The Board's finding of willful misconduct based on Claimant's failure to comply with that specific requirement was supported by substantial evidence. The evidence of record demonstrates that Claimant was familiar with Employer's policy requiring managers to double-check and report price changes to a district manager 30 minutes after completing a price change. Despite being familiar with Employer's rule, Claimant admittedly did not wait the required 30 minutes. In fact, based on the testimony of Claimant and her coworker, it is questionable whether Claimant checked the prices at all after changing them. Employer's rule is in place to ensure the accuracy of price changes and prevent financial losses to Employer. Had Claimant complied with the rule, she likely would have discovered her error prior to clocking out for the day, and Employer would not have suffered any loss. Claimant's argument that checking and reporting the price change nine minutes earlier than required does not constitute willful misconduct is without merit. In order to meet its burden, Employer must only demonstrate that Claimant was aware of a particular work rule and deliberately or intentionally violated that rule. Employer is not obligated to demonstrate the rationale behind its rule or demonstrate that 30 minutes is the minimum amount of time required in order to ensure effective checking and reporting of price changes. Therefore, Employer met its burden of proving willful misconduct.
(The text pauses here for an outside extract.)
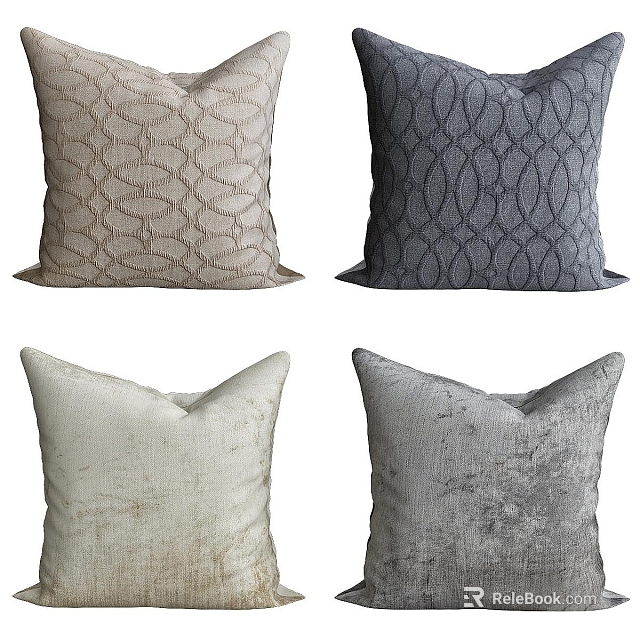 Beige Navy Blue Off White Gray Textured Patterned Decorative Throw Pillows 3d model 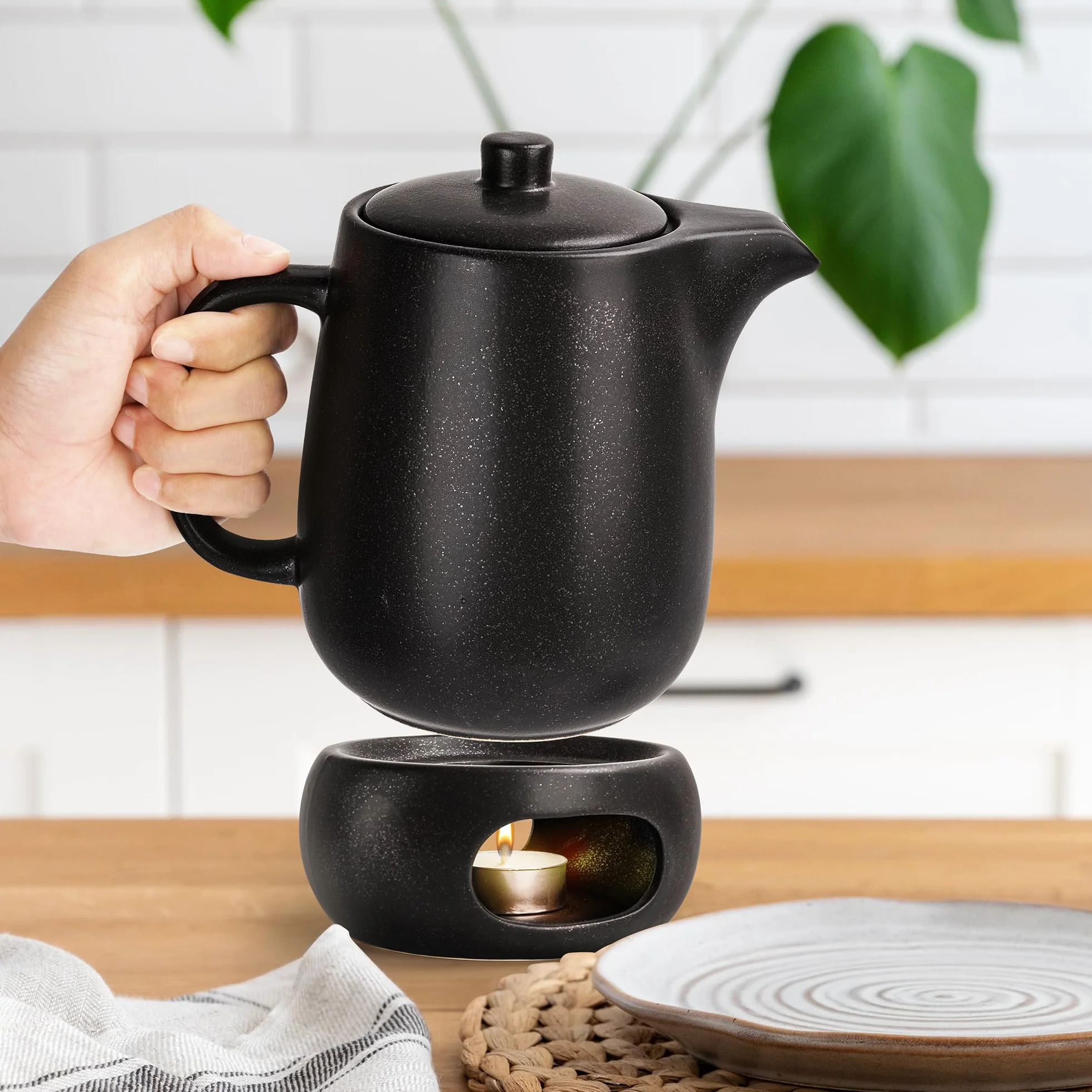 Dzbanek do herbaty z podgrzewaczem zestaw 1,134 g ceramiczny czajniczek z sitkiem duży dzbanek do herbaty z zaparzaczem do herbaty sypkiej, luksusowy zestaw do herbaty z podgrzewaczem do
That is, assuming Claimant even waited 21 minutes. As discussed in the previous footnote, it appears more likely that Claimant left immediately after changing the prices, without double-checking them at all. --------
Accordingly, the order of the Board is affirmed.
/s/_________
DAN PELLEGRINI, President Judge ORDER
AND NOW, this 2nd day of November, 2012, the order of the Unemployment Compensation Board of Review, dated March 22, 2012, at No. B-532580, is affirmed.